Information provided
((

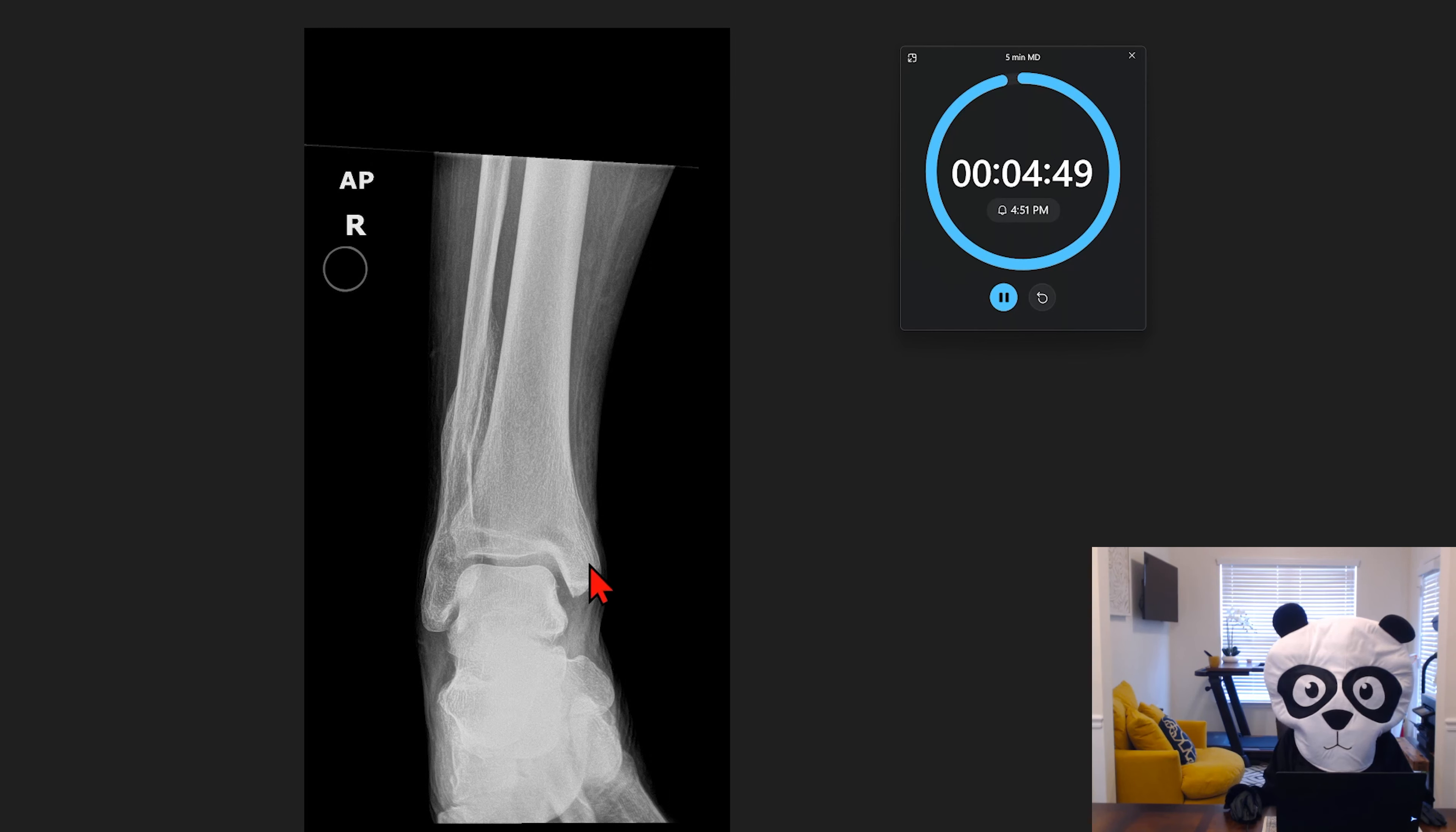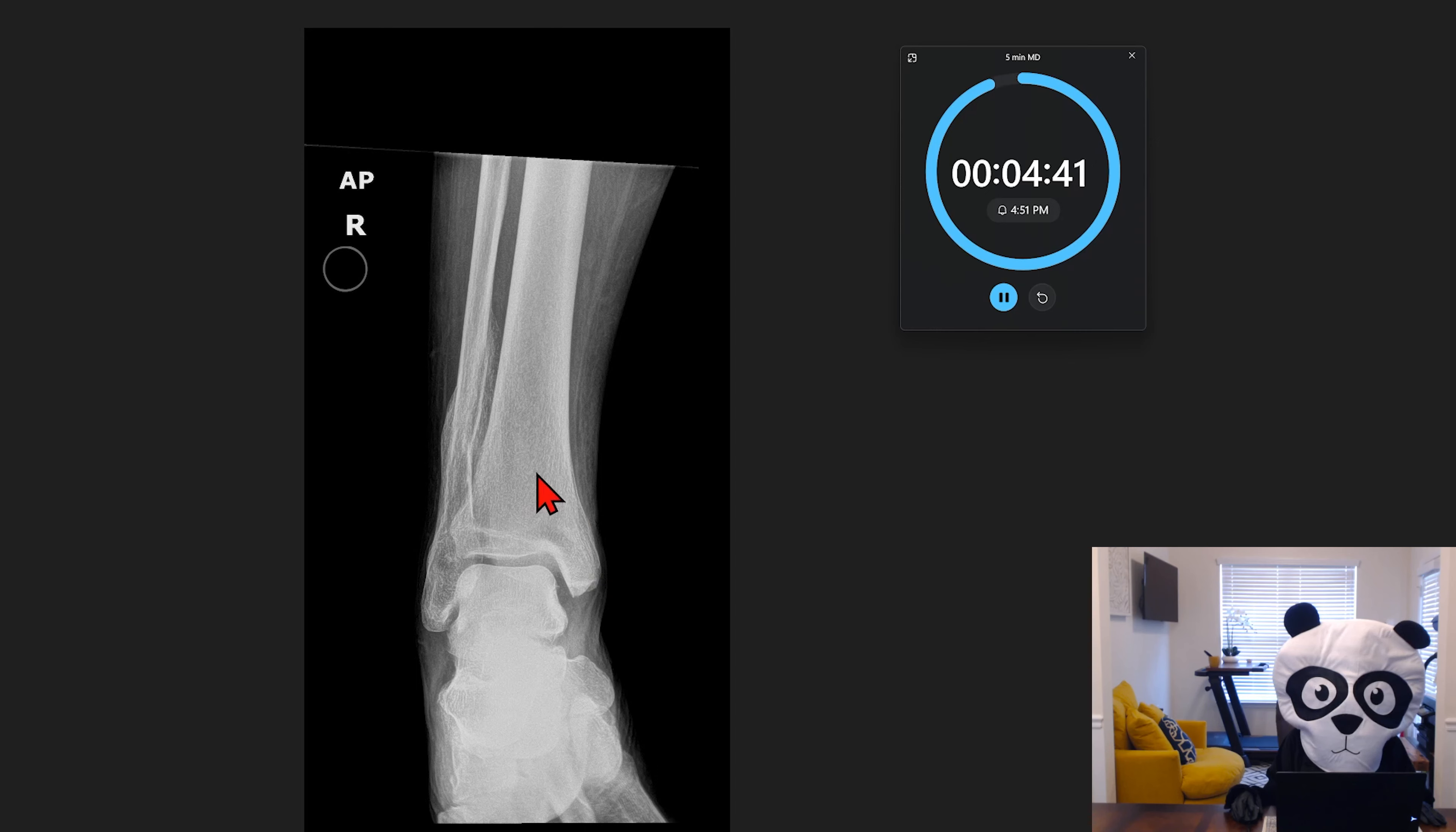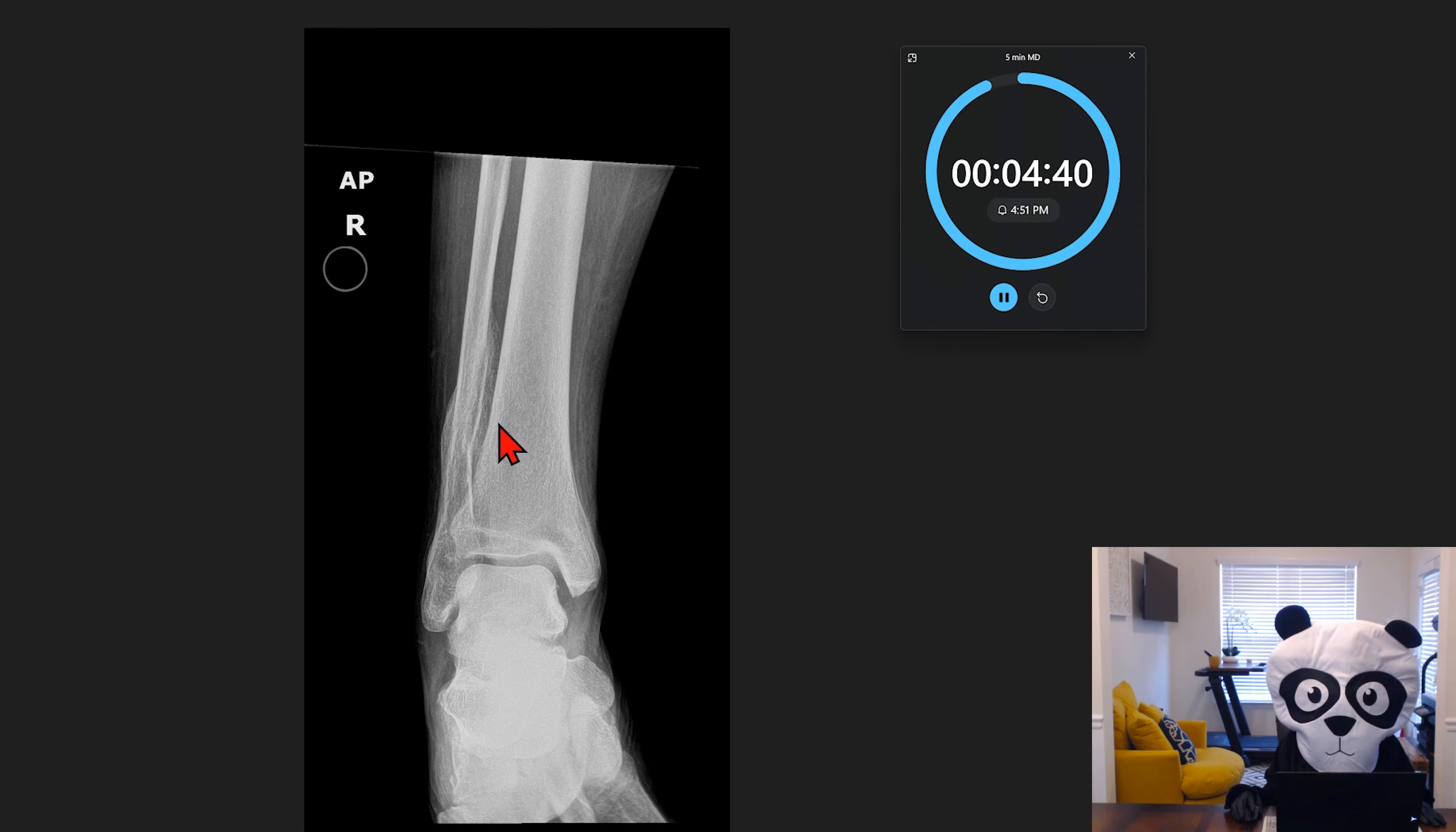So right off the bat, just taking a generalized look at the anatomy, we have the distal tibia with the diaphysis and the metaphysis. We also have the distal fibula as well.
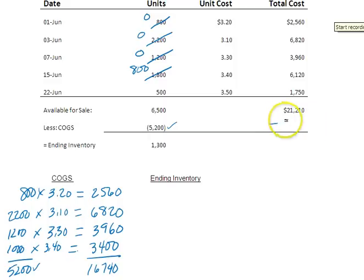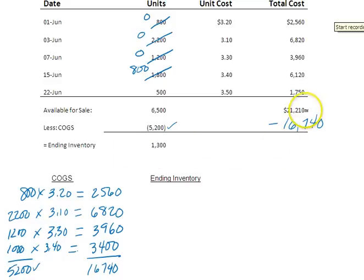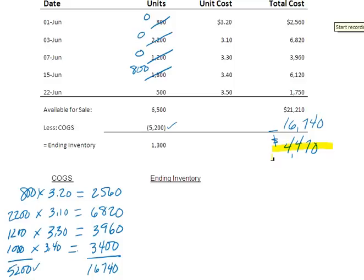I can now plug in cost of goods sold: minus $16,740. To find the value of the 1,300 units in ending inventory, I take goods available for sale minus what I sold: $21,210 − $16,740 = $4,470. So if you're asked the value of ending inventory under periodic FIFO, the answer is $4,470. If you're asked the value of cost of goods sold under periodic FIFO, the answer is $16,740.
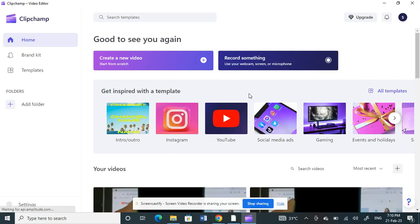Hello everyone, so today in this video I'm going to show you how to cut and split video on ClipChamp. First, launch ClipChamp.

))

What the exercise asks
A word-for-word copy of the data, without its pictures, is what is needed.

Result of the exercise
So right off the bat, just taking a generalized look at the anatomy, we have the distal tibia with the diaphysis and the metaphysis. We also have the distal fibula as well.
I can now plug in cost of goods sold: minus $16,740. To find the value of the 1,300 units in ending inventory, I take goods available for sale minus what I sold: $21,210 − $16,740 = $4,470. So if you're asked the value of ending inventory under periodic FIFO, the answer is $4,470. If you're asked the value of cost of goods sold under periodic FIFO, the answer is $16,740.
Hello everyone, so today in this video I'm going to show you how to cut and split video on ClipChamp. First, launch ClipChamp.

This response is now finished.